### [EXERCISE BRIEF]
Output the complete listing exactly, please, and keep the pictures out of it.

### [DATA BELOW]
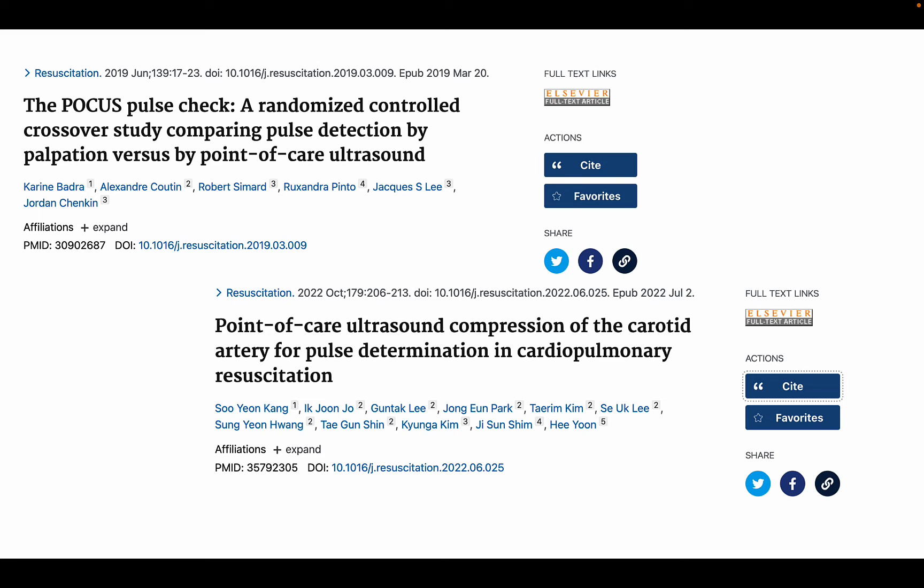A 2019 randomized controlled crossover study out of Ottawa compared time to carotid pulse detection using ultrasound versus manual palpation after a 15-minute teaching session, including to providers who had never used ultrasound before. Results showed that POCUS pulse checks were not slower than manual pulse checks, providers had a higher first attempt success rate using ultrasound, and there was less variability in time to pulse detection. A 2022 prospective study found that pulse checks using carotid artery compression with an ultrasound probe were faster compared to manual palpation, and the time to determine ROSC was significantly shortened to 0.44 times the manual palpation time.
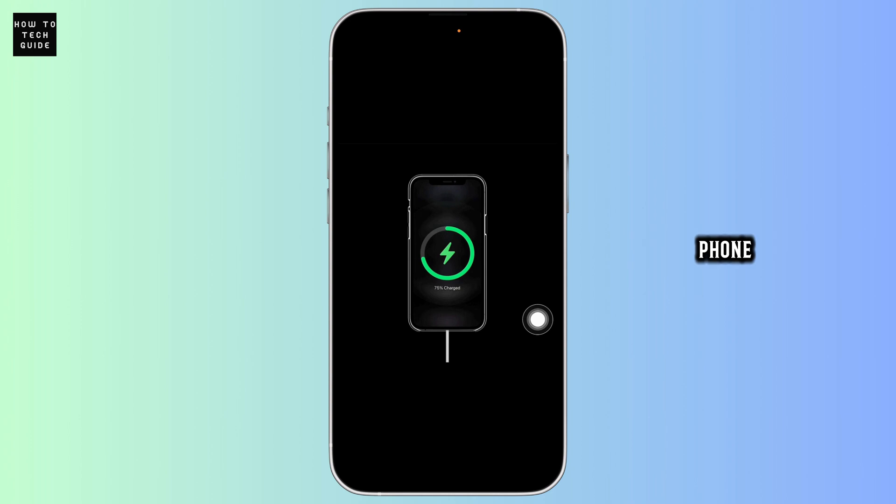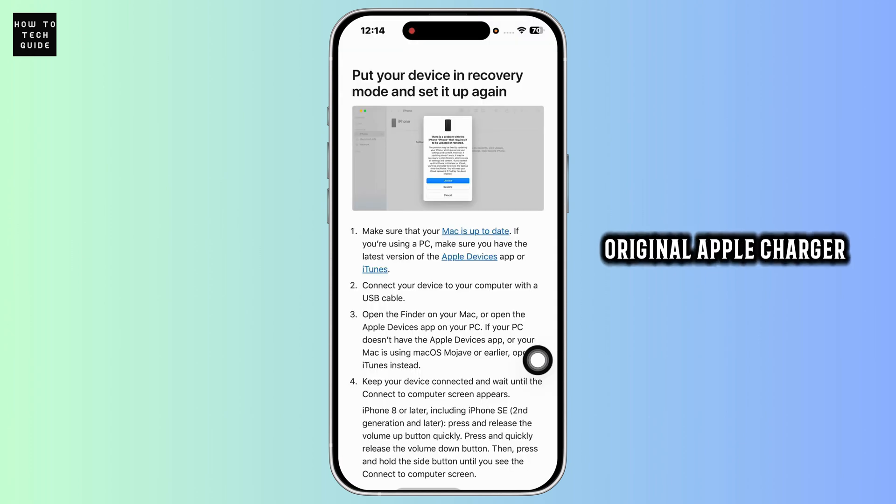Next, charge your phone. If the screen is still black, plug your iPhone into a charger for at least 20 to 30 minutes. A dead battery or faulty charging attempt could be the issue. Make sure you are using an original Apple charger and cable.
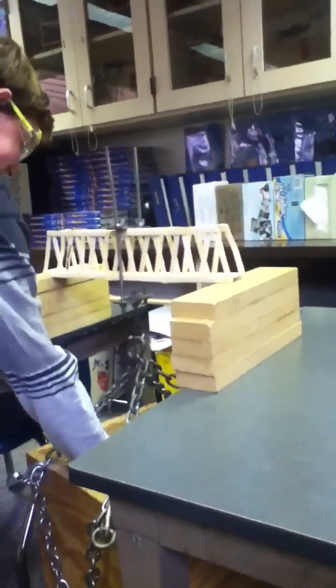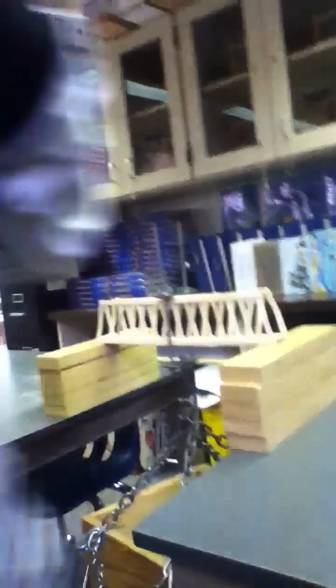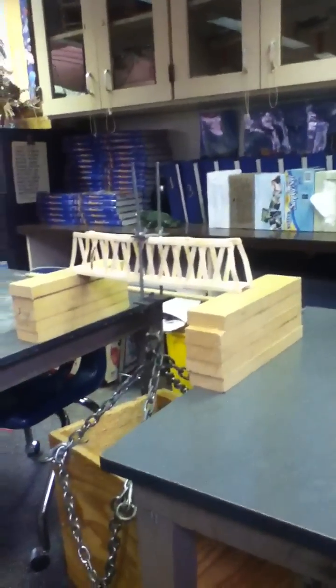I think the max is 200, right? 185! I can hear it cracking. It's cracking. It's cracking. Get your feet away from... 195! 195!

### [RESULT BELOW]
A 2019 randomized controlled crossover study out of Ottawa compared time to carotid pulse detection using ultrasound versus manual palpation after a 15-minute teaching session, including to providers who had never used ultrasound before. Results showed that POCUS pulse checks were not slower than manual pulse checks, providers had a higher first attempt success rate using ultrasound, and there was less variability in time to pulse detection. A 2022 prospective study found that pulse checks using carotid artery compression with an ultrasound probe were faster compared to manual palpation, and the time to determine ROSC was significantly shortened to 0.44 times the manual palpation time.
Next, charge your phone. If the screen is still black, plug your iPhone into a charger for at least 20 to 30 minutes. A dead battery or faulty charging attempt could be the issue. Make sure you are using an original Apple charger and cable.
I think the max is 200, right? 185! I can hear it cracking. It's cracking. It's cracking. Get your feet away from... 195! 195!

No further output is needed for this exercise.